But oh, what a guest list. President Clinton will be there, as will Chinese leader Jiang Zemin, ensuring that the real work this year will be political. The Clinton-Jiang meeting will likely touch on everything from China’s admission into the World Trade Organization to heightened tensions over Taiwan and the NATO bombing of Beijing’s embassy in Belgrade. U.S. agreement to China’s entry into the WTO would be a huge boost ahead of the world trade summit in Seattle on Nov. 30. “Will there be a breakthrough?” asks Bob Broadfoot, managing director of Hong Kong-based Political and Economic Risk Consultancy. “That’s far and away the most important issue.”
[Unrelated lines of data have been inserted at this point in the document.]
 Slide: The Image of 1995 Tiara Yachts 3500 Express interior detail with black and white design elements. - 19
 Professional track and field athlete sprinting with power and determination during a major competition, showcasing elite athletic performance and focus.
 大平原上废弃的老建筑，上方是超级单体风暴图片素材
But it’s not on the official agenda, and so it only accentuates growing criticism that APEC has become a largely irrelevant sideshow to the WTO. APEC was founded in 1989, when Asia was a place of miracles, but much has changed in the decade since. Japan’s stock market is still worth less than half its peak at the end of 1989, and much of the rest of the region is still trying to recover from the financial turmoil that began in the summer of 1997. Even now, with the South Korean and Thai economies expected to grow this year and Japan’s economy showing signs of life, the International Monetary Fund warns that Asia’s recovery is “precarious.”
You’d think that the Asian crisis might have given APEC a sense of mission. But think again. The leaders are likely to avoid ideological lectures on development that have stirred East-West tensions at previous meetings. MIT economist Paul Krugman recently declared APEC “an empty shell,” and even APEC’s own Business Advisory Council delivered a harsh assessment just last month. “APEC has at times lost sight of its own goals,” the business executives charged, noting that member countries had been sluggish in pursuing free trade and investment.
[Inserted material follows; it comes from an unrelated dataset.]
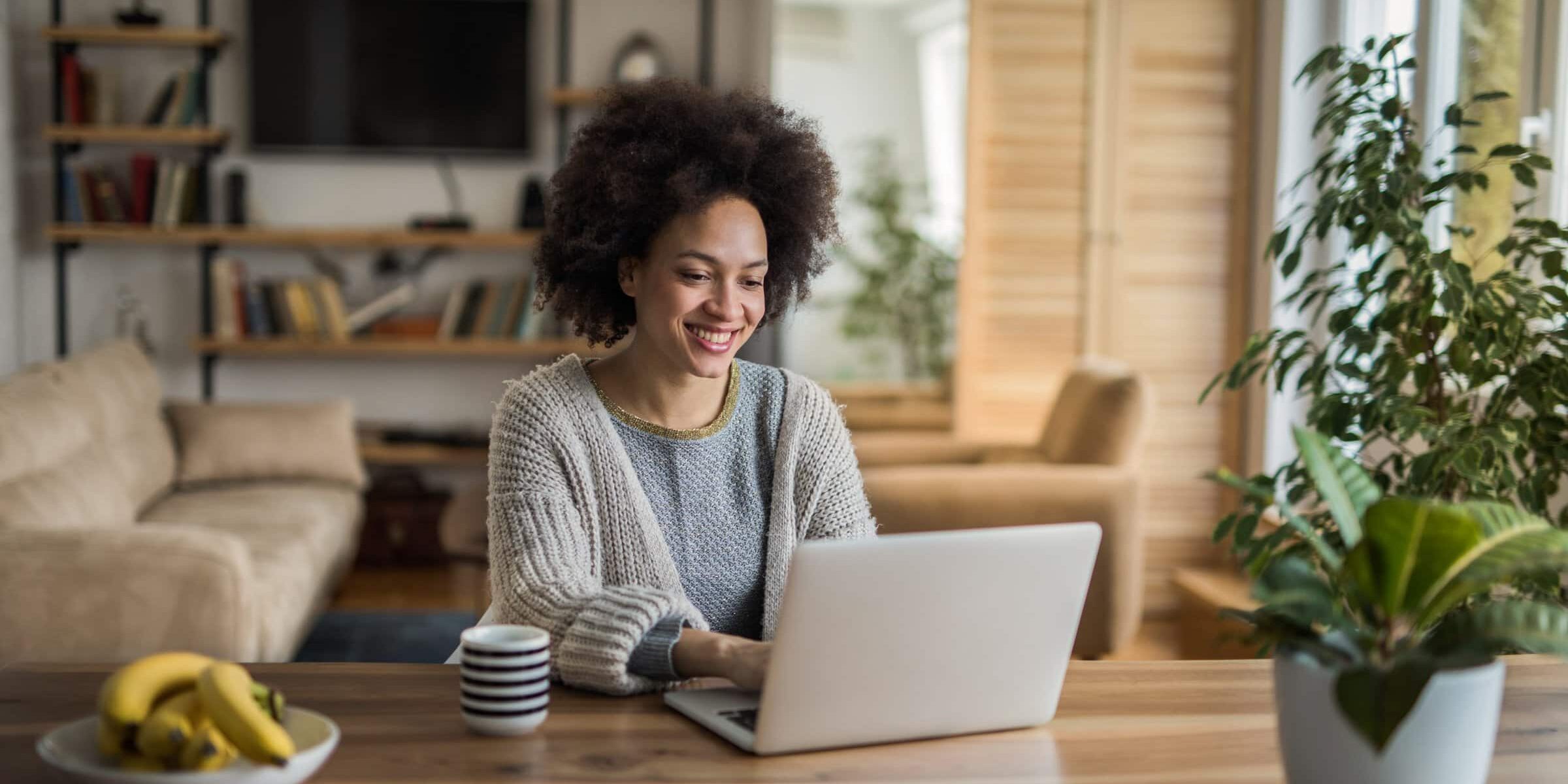 Young happy African American woman using laptop and surfing the net at home.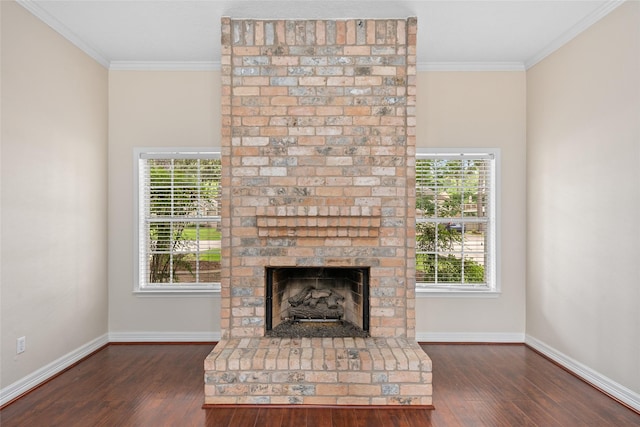 65 Hickory Oak Dr, The Woodlands, TX 77381 - unfurnished living room with ornamental molding, dark wood-style floors, baseboards, and a brick fireplace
On specific, substantive issues–like liberalization of sectors including food and autos–APEC has foisted responsibility on the WTO. That’s partly because the WTO makes binding decisions on trade issues, while APEC “is not an organization really structured for action,” says Charles E. Morrison, president of the East-West Center in Hawaii. Unlike the European Union, which makes majority decisions, APEC is a much looser grouping that adopts nonbinding measures.
The need for consensus makes it even harder to expect anything dazzling from Auckland. APEC leaders might endorse financial transparency and more efficient investment, and they’ll try to agree on priorities for the upcoming WTO ministerial talks. In back rooms, meanwhile, the same leaders will discuss North Korea, which has recently threatened to test-fire its long-range Taepodong II missile, and Taiwan, which infuriated Beijing in July by inching toward a declaration of independence. Everyone will look to the Clinton-Jiang summit, in particular, for a political climax. (“The troubled waters have calmed,” says National Security Council spokesman Mike Hammer, who says China will have to take the initiative on WTO entry.) But if those talks fizzle, what then? Bored officials can always turn their attention to New Zealand’s 36,000 flocks of sheep–and rest up for the meatier WTO conference in November.